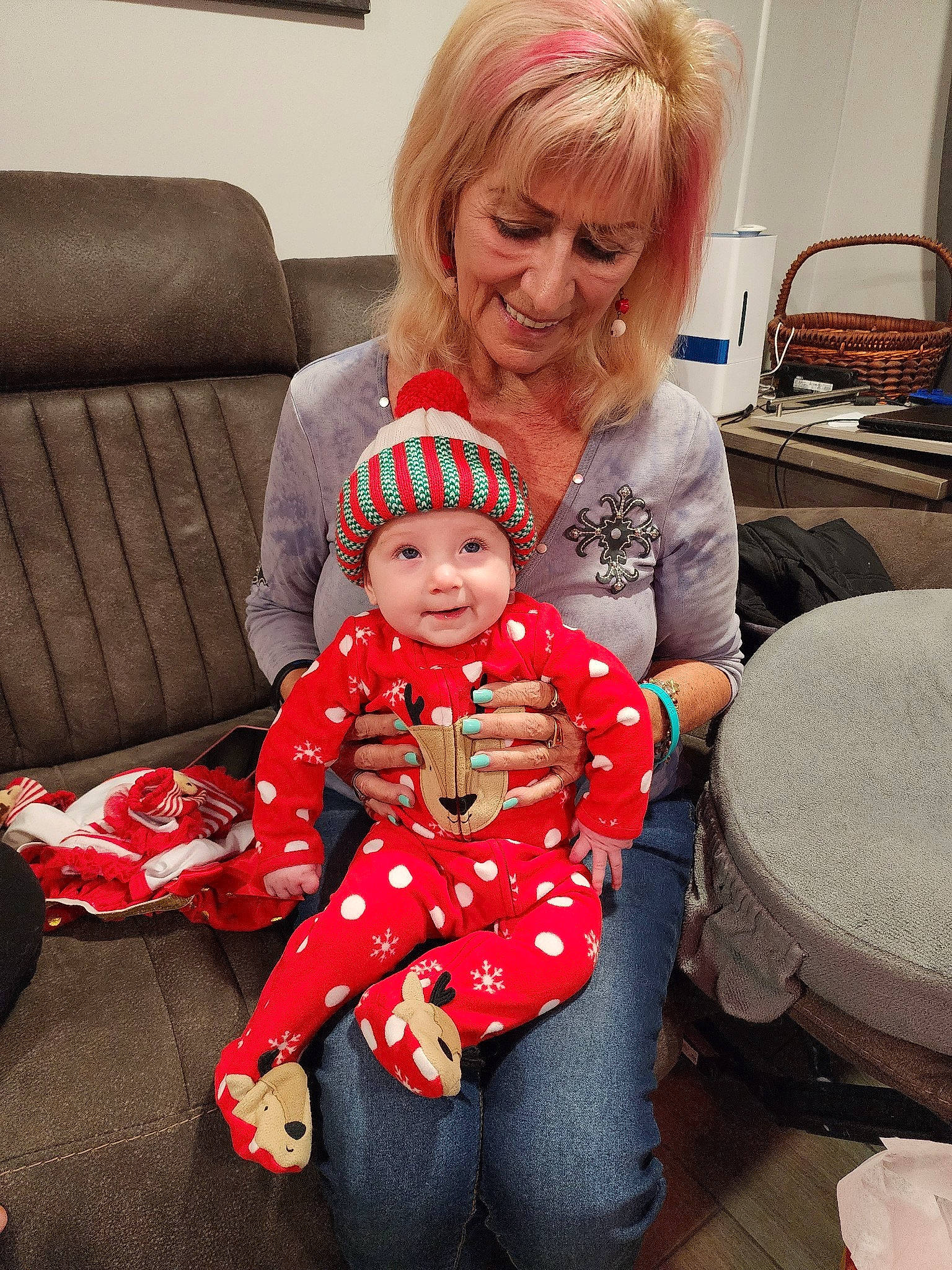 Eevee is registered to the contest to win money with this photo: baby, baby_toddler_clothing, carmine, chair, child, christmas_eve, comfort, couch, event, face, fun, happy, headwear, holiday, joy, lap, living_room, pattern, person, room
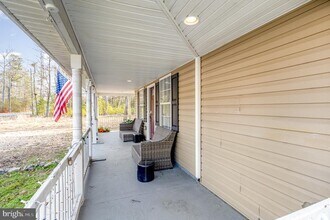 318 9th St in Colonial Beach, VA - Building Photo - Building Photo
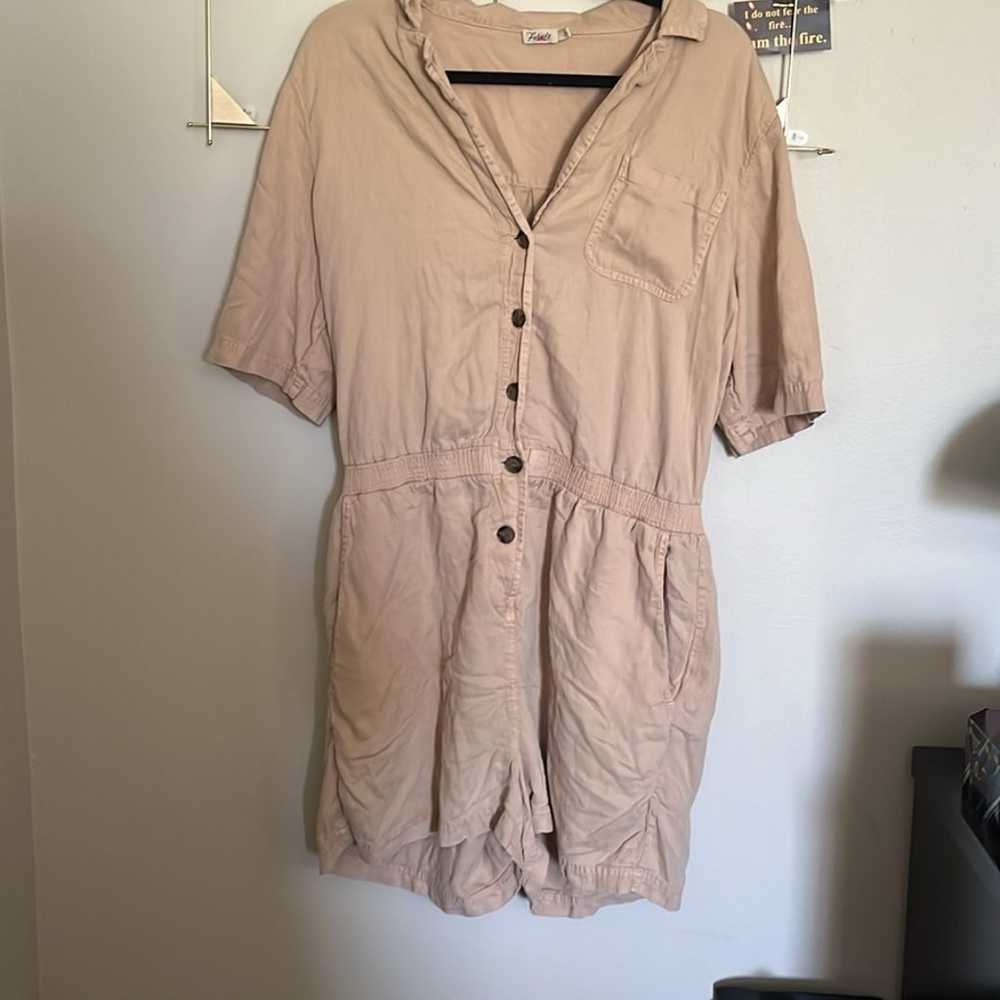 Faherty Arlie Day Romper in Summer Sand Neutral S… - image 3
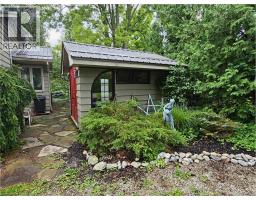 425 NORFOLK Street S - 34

**PROMPT:** What this calls for is the material above set down exactly, pictures excluded.

**RESPONSE FOR THIS EXERCISE:**
 Eevee is registered to the contest to win money with this photo: baby, baby_toddler_clothing, carmine, chair, child, christmas_eve, comfort, couch, event, face, fun, happy, headwear, holiday, joy, lap, living_room, pattern, person, room
 318 9th St in Colonial Beach, VA - Building Photo - Building Photo
 Faherty Arlie Day Romper in Summer Sand Neutral S… - image 3
 425 NORFOLK Street S - 34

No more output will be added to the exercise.